* [TASK TO COMPLETE] Beginning at the line that contains "China 31.5 Inch" and finishing at the line that contains "Elegant Wedding Magazine", output the data below exactly. Include both end lines and no pictures.

* [EXTRACTED INFORMATION]
━━━━

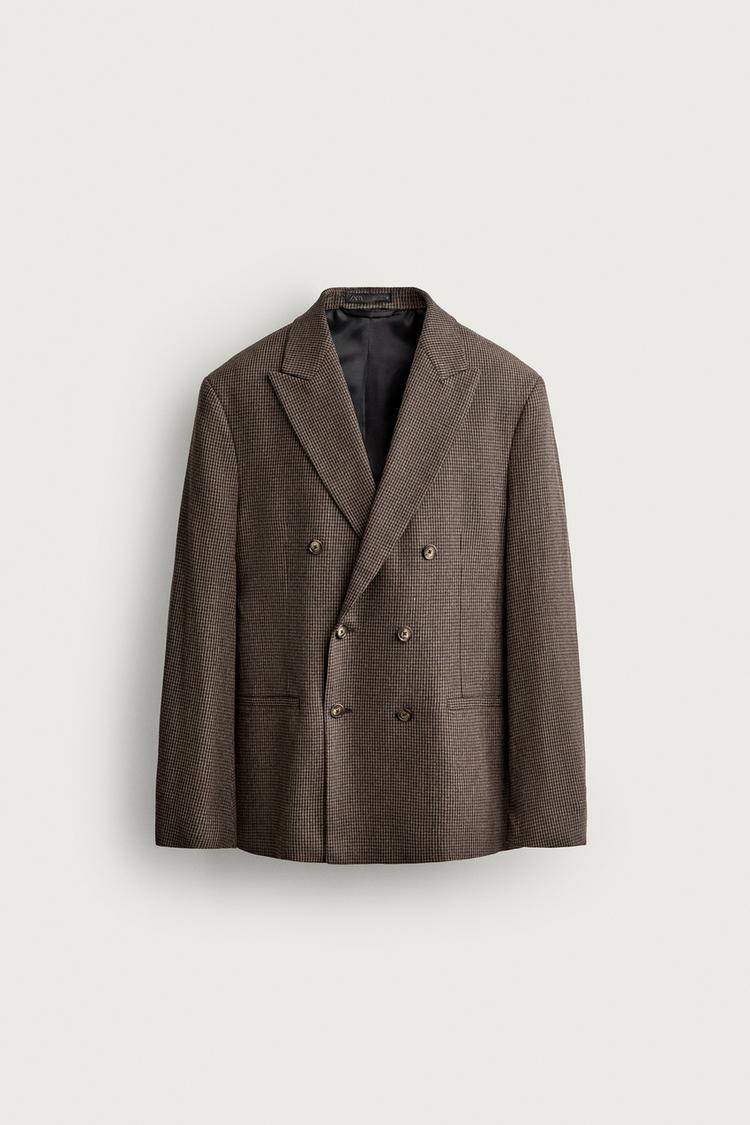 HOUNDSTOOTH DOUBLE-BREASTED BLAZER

━━━━

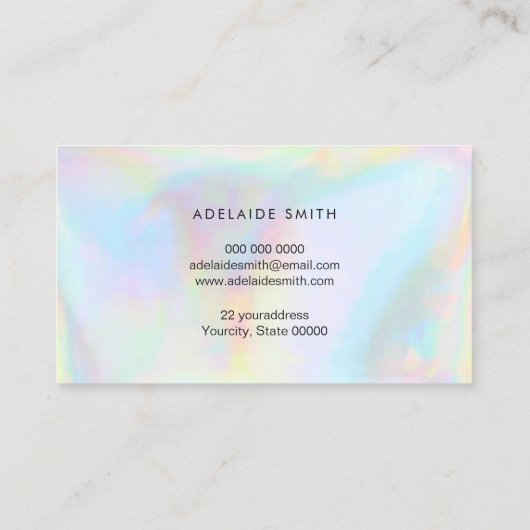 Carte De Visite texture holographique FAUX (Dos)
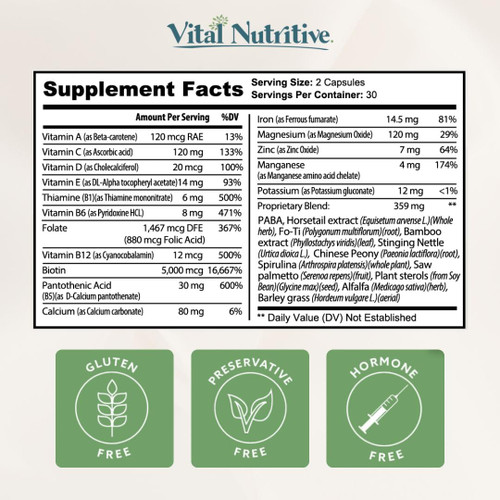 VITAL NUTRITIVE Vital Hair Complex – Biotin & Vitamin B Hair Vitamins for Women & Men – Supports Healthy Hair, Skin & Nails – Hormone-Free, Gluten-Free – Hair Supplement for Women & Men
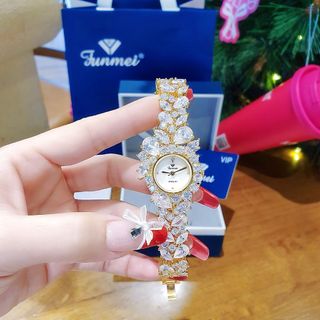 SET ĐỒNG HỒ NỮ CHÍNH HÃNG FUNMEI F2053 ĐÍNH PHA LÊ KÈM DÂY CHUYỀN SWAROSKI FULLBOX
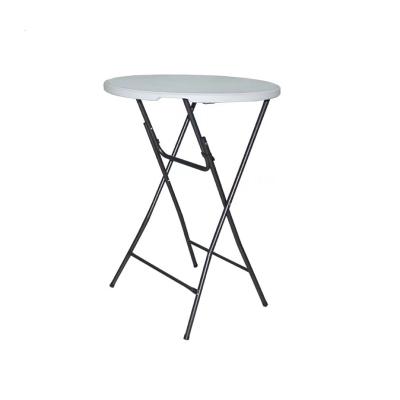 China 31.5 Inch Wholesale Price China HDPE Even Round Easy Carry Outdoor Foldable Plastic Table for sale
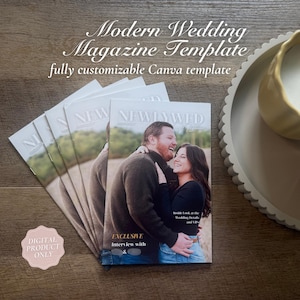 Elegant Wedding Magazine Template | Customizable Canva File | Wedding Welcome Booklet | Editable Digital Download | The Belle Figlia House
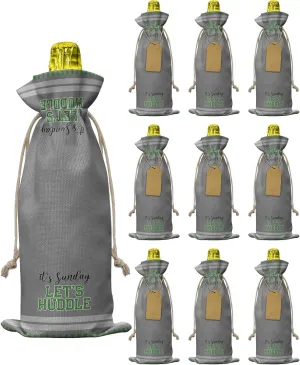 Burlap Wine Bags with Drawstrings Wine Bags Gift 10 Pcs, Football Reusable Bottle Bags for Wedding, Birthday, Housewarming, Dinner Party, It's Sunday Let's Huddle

━━━━

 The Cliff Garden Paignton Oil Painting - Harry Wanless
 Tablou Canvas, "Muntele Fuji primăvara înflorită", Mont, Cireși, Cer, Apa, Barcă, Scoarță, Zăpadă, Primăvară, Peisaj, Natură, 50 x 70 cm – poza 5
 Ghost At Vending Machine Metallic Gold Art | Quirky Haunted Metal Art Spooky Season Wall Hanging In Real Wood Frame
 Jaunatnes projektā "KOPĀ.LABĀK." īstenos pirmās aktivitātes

━━━━

* [FINISHED TASK]
 China 31.5 Inch Wholesale Price China HDPE Even Round Easy Carry Outdoor Foldable Plastic Table for sale
 Elegant Wedding Magazine Template | Customizable Canva File | Wedding Welcome Booklet | Editable Digital Download | The Belle Figlia House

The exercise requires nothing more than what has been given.